TASK DETAILS - Among the records below, find the lines that contain "Benz" and copy each of them.

EXCERPTED DATA -
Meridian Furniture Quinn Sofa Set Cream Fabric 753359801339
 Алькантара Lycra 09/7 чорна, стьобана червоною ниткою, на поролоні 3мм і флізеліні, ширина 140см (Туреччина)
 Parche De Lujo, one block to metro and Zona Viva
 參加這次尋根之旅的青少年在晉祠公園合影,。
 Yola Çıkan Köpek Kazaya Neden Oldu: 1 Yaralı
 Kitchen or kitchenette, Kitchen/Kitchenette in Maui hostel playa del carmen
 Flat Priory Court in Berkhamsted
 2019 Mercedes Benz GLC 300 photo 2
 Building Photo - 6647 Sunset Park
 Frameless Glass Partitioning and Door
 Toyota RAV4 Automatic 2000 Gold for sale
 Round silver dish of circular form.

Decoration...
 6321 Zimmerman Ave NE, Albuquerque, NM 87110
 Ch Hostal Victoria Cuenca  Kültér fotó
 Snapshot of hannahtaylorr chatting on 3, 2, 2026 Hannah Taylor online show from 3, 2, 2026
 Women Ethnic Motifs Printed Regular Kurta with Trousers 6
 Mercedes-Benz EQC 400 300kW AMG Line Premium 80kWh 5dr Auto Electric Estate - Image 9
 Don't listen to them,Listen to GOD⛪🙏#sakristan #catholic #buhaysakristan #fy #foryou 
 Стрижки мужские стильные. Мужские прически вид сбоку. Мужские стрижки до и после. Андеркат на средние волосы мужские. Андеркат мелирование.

EXERCISE RESULT -
 2019 Mercedes Benz GLC 300 photo 2
 Mercedes-Benz EQC 400 300kW AMG Line Premium 80kWh 5dr Auto Electric Estate - Image 9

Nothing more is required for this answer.